Conquerors: How Portugal Forged the First Global Empire
- First edition (UK)
- Author: Roger Crowley
- Language: English
- Subject: Early Portuguese activities in the Indian Ocean
- Genre: History
- Publisher: Faber & Faber (UK) Random House (US)
- Publication date: 15 September 2015 (UK) 1 December 2015 (US)
- Publication place: United Kingdom
- Pages: 365
- ISBN: 978-0-571-29090-1

= Conquerors: How Portugal Forged the First Global Empire =

2015 book by Roger Crowley

Conquerors: How Portugal Forged the First Global Empire is a 2015 history book by historian Roger Crowley.

==Summary==
Conquerors focuses on the early history of the Portuguese presence in Asia, specifically the period from the early Portuguese attempts to reach Asia by sailing around Africa to the death of Afonso de Albuquerque. Crowley was noted for his comparison of the voyages of the Portuguese to the Ming treasure voyages.

==Reception==
Conquerors received generally positive reviews from critics. Michael Duggan of the Irish Examiner described it as "Eye-opening, thought-provoking popular history". David Walton of the Dallas Morning News called it "a riveting tale" and praised its depiction of naval combat. Nick Romeo, writing in the Christian Science Monitor, declared that it had "incredible dramatic immediacy" and that it was "nuanced and fair".
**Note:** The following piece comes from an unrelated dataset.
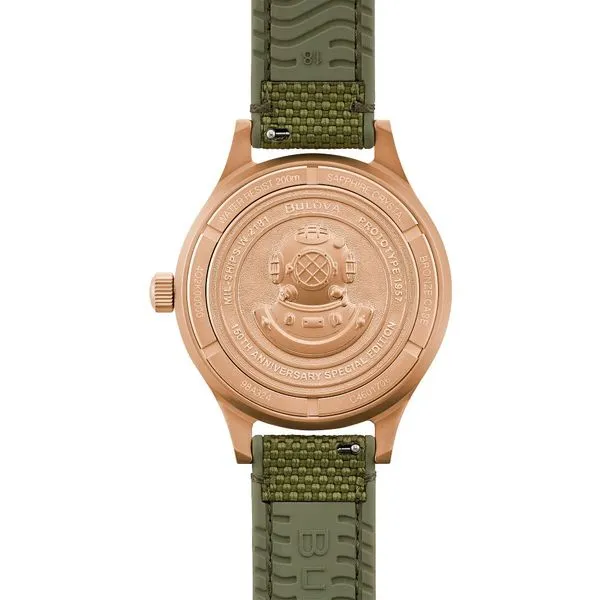 Bulova Bronze #CuSn8 Heritage Mens Watch Image 2 Spencer's Jewelers Athens, GA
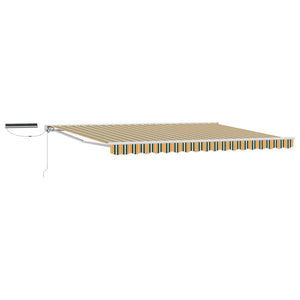 Elektrische Markise Grün/Gelb/Weiß 4,5x3m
Ian Morris of the New York Times praised the book for its "craftsmanship" and the style of its storytelling. Matthew Price, writing in The National, gave a generally positive review, declaring that it "burst with action", while also finding that its descriptions could get somewhat repetitive. Jerry Brotton of The Telegraph gave a more mixed review, giving the book 3 out of 5 stars and describing it as "pacy but predictable".